## MATERIAL FOR THIS EXERCISE
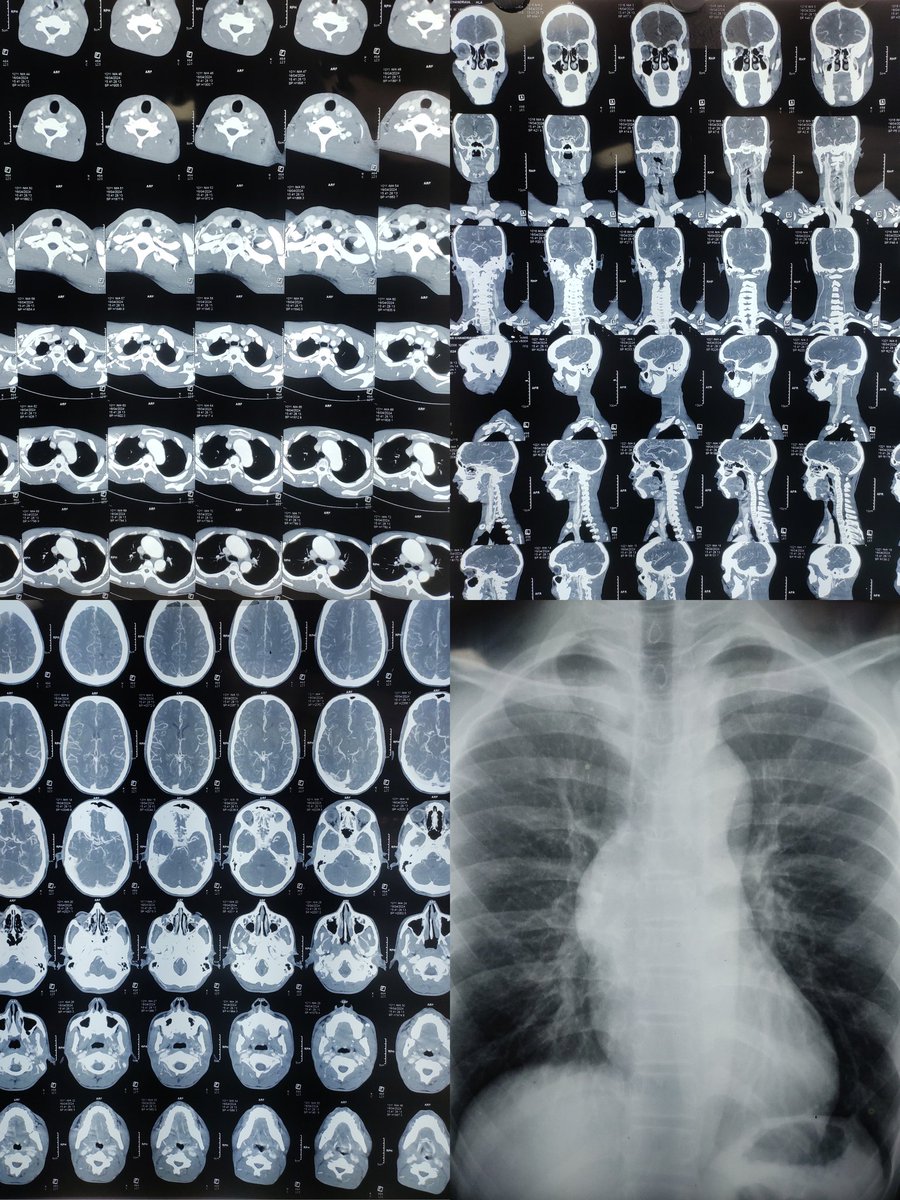 vsimemon's tweet photo. Today's case (CTVS Surgery)
A 18 year old male 
Chief complaint:- Dyspnea, fatigue on exertion×(1 year), palpitations×(6 months), NYHA-II Grade 
Diagnosed as Marfan syndrome 
No other comorbidities... 
#otawareness
🧵Thread... https://t.co/xTYWkIODjx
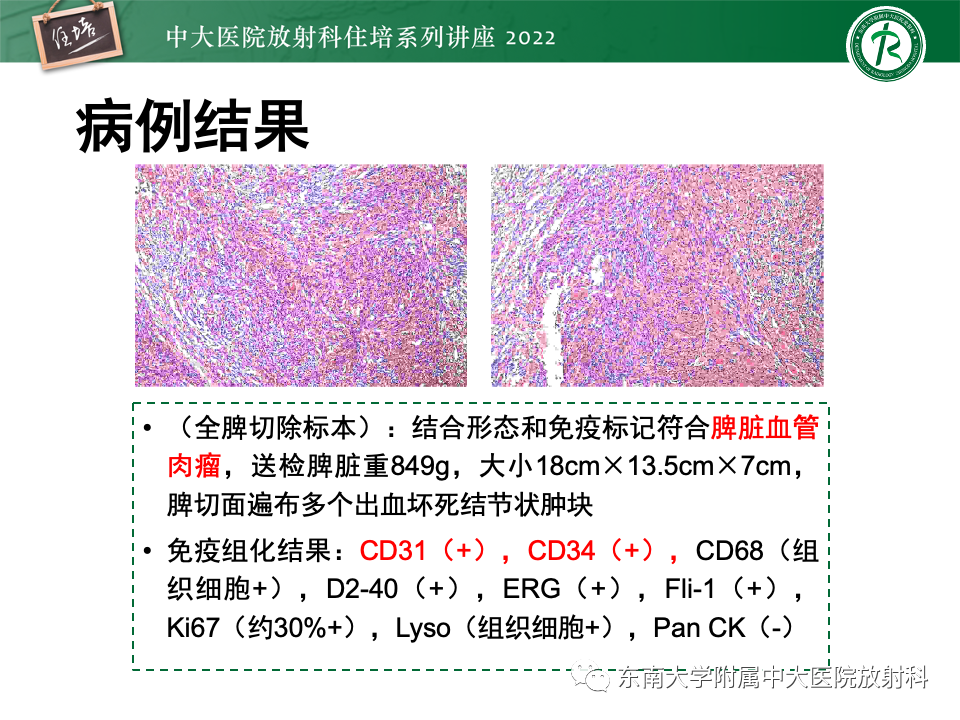 影像PPT - 【PPT】脾脏占位性病变的影像分析-42
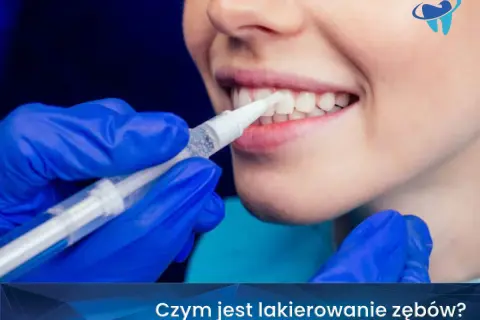 Profesjonalne lakierowanie zębów u dorosłych. Dentysta aplikuje środek wybielający na zęby pacjentki.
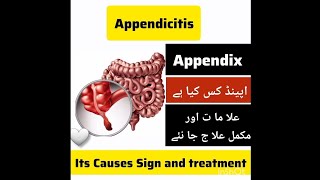 Appendix painappendicitis causescomplicationsdiagnostic test and treatmentviralvideomedical [upl. by Atsillak]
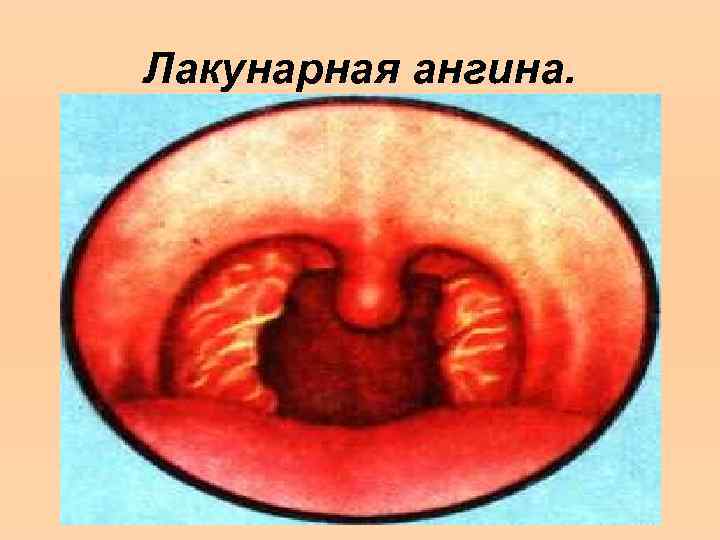 Лакунарная ангина. 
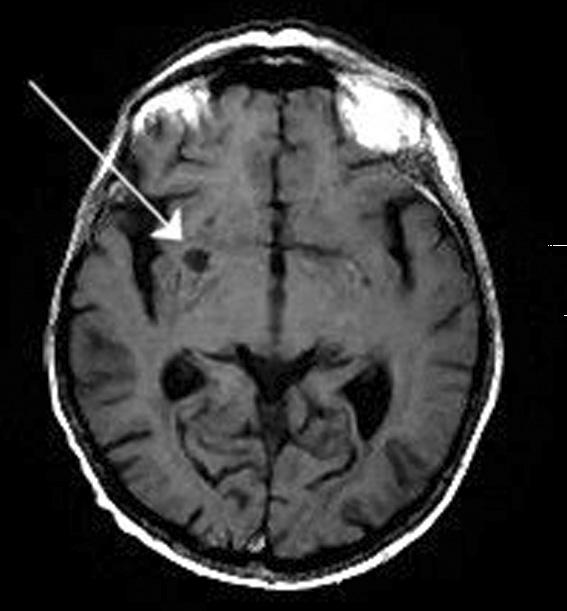 General introduction Cerebral white matter lesions and asymptomatic brain infarcts are common in elderly people.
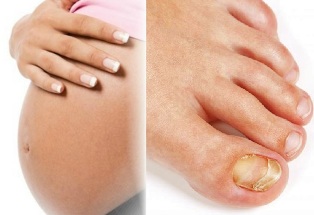 lábgombásodás terhesség
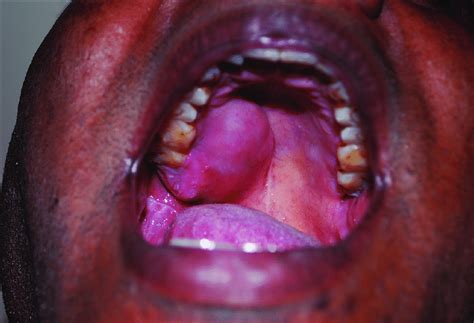 Intra Oral Picture Showing Swelling In The Right Posterior Aspect Of
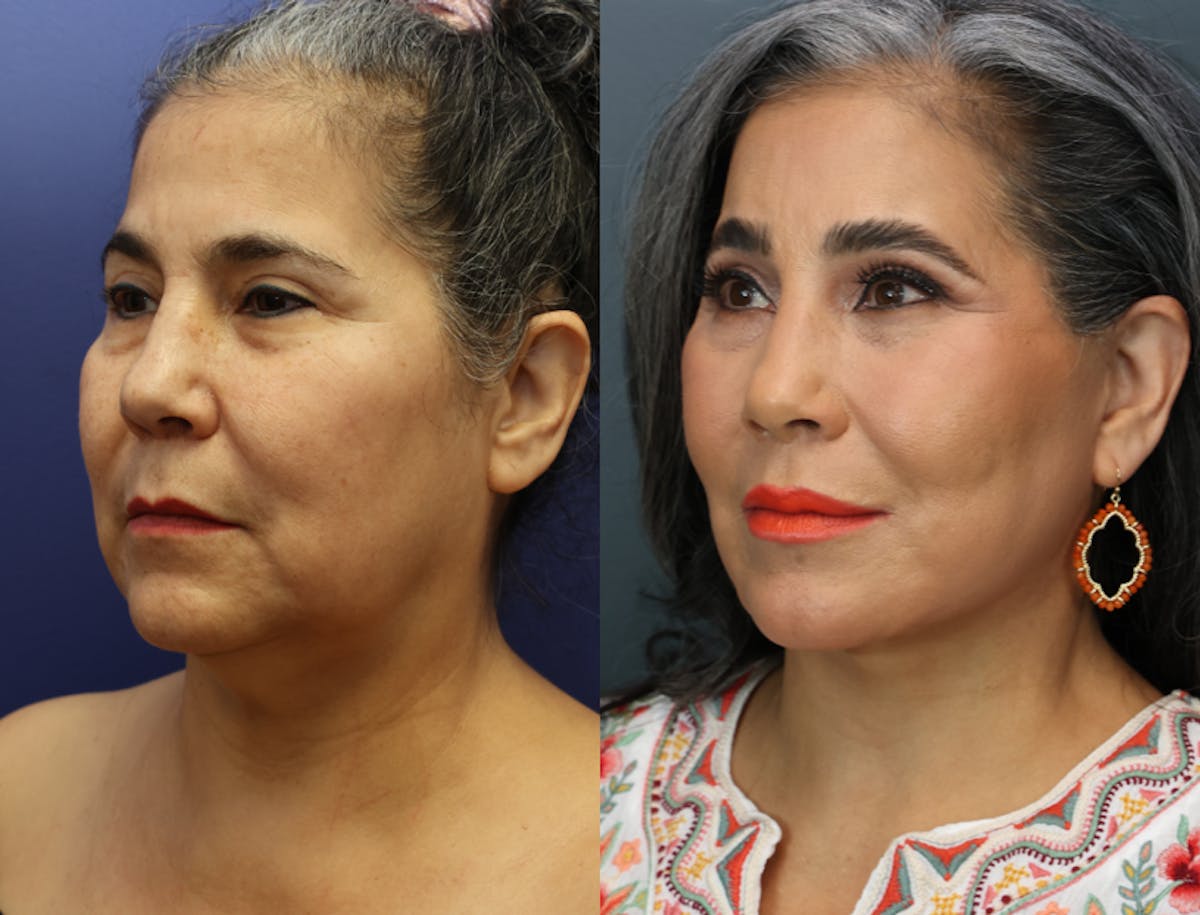 Deep Plane Neck Lift Before & After Gallery - Patient 258794 - Image 5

## DIRECTIONS
Could you retype exactly, and only, the lines running from the one with "影像PPT - 【PPT】脾脏占位性病变的影像分析-42" to the last line of the listing, while leaving any pictures out?

## SOLUTION BELOW
 影像PPT - 【PPT】脾脏占位性病变的影像分析-42
 Profesjonalne lakierowanie zębów u dorosłych. Dentysta aplikuje środek wybielający na zęby pacjentki.
 Appendix painappendicitis causescomplicationsdiagnostic test and treatmentviralvideomedical [upl. by Atsillak]
 Лакунарная ангина. 
 General introduction Cerebral white matter lesions and asymptomatic brain infarcts are common in elderly people.
 lábgombásodás terhesség
 Intra Oral Picture Showing Swelling In The Right Posterior Aspect Of
 Deep Plane Neck Lift Before & After Gallery - Patient 258794 - Image 5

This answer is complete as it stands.